_Your goal:_ Reproduce the listing word for word. Skip any image.

_Supplied information:_
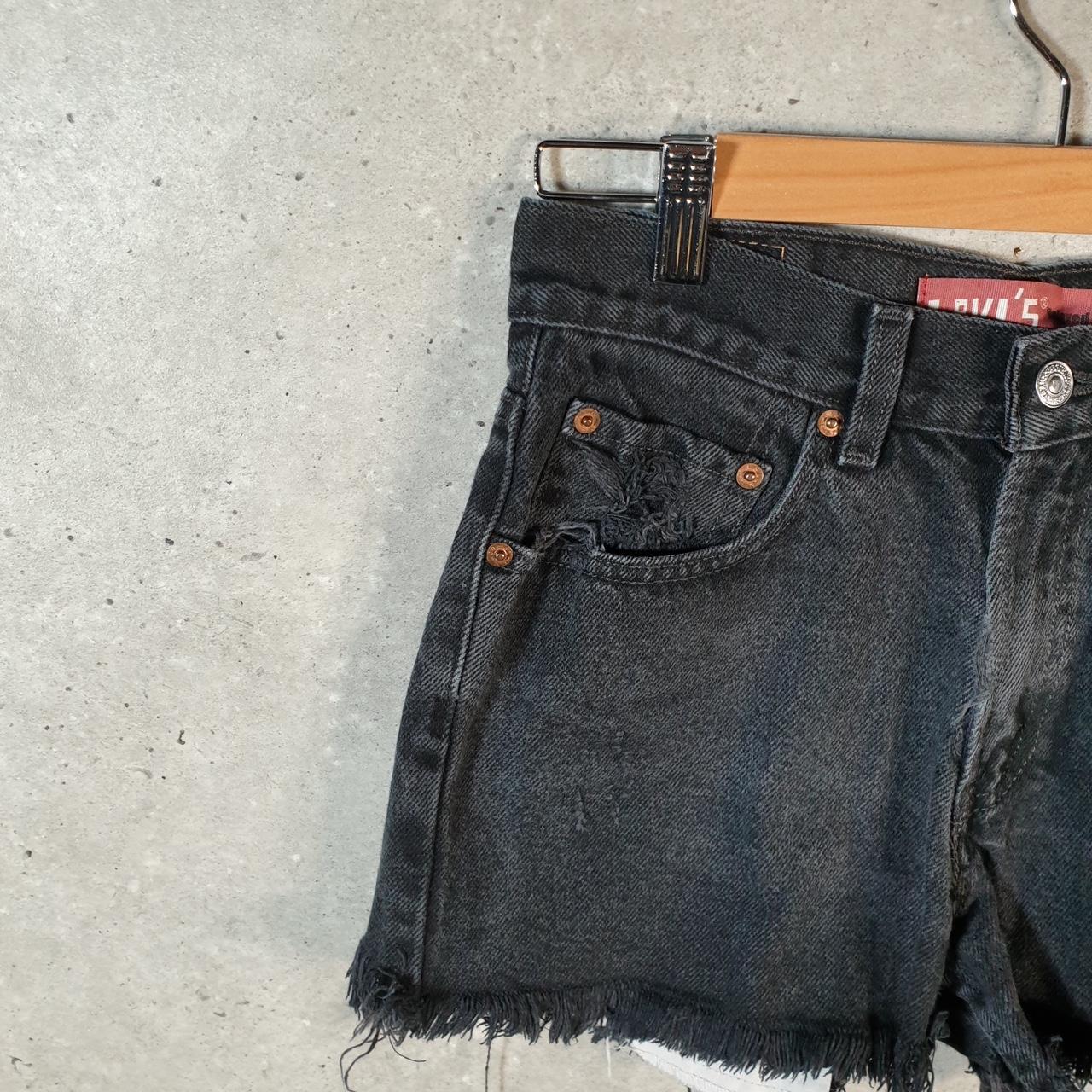 Vintage Levi’s 550 Cut Off Baggy Shorts Jorts Cargo Womens W27 Grey Relaxed Denim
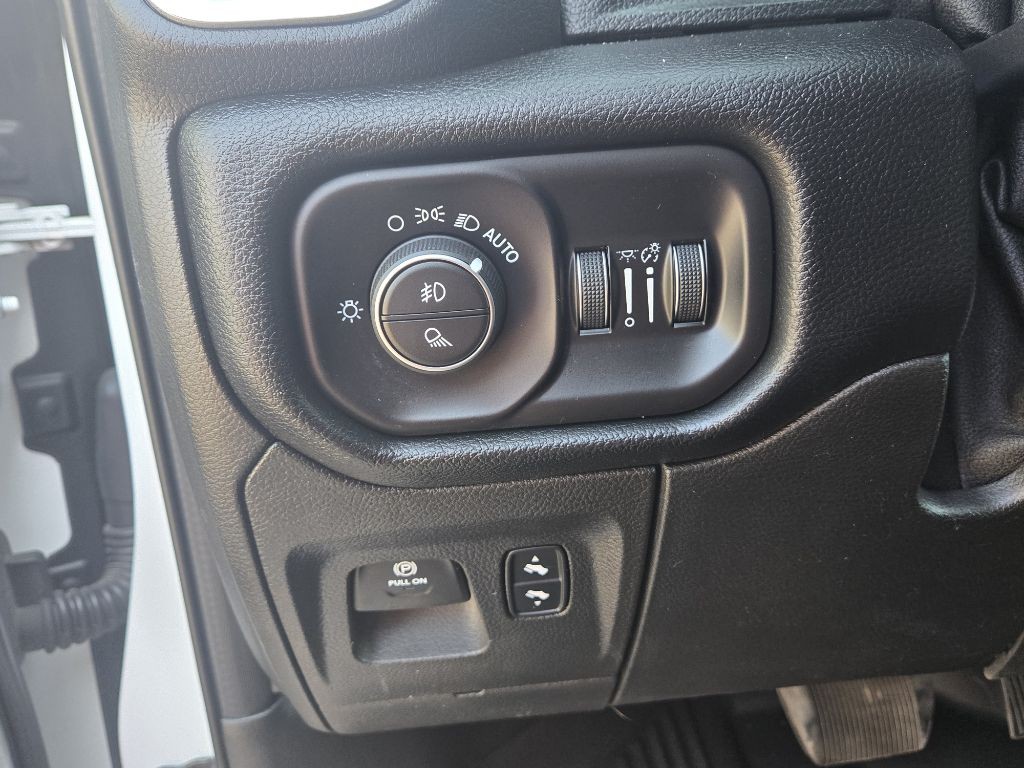2020 RAM 1500 Image 14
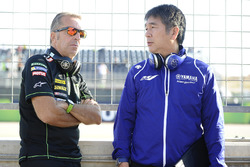 Hervé Poncharal, Team Principal Monster Yamaha Tech 3, Kouichi Tsuji, Directeur Général de la division développement sports mécaniques de Yamaha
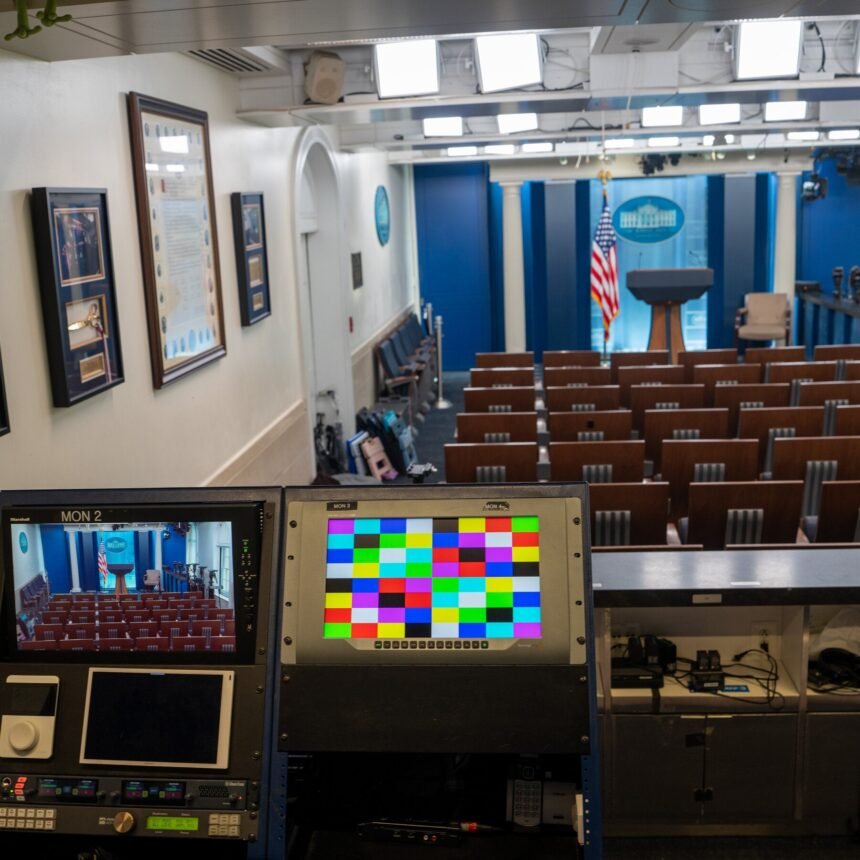 20dc-white-house-press-top-tjlm-mediumSquareAt3X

_Exercise answer:_
 Vintage Levi’s 550 Cut Off Baggy Shorts Jorts Cargo Womens W27 Grey Relaxed Denim
2020 RAM 1500 Image 14
 Hervé Poncharal, Team Principal Monster Yamaha Tech 3, Kouichi Tsuji, Directeur Général de la division développement sports mécaniques de Yamaha
 20dc-white-house-press-top-tjlm-mediumSquareAt3X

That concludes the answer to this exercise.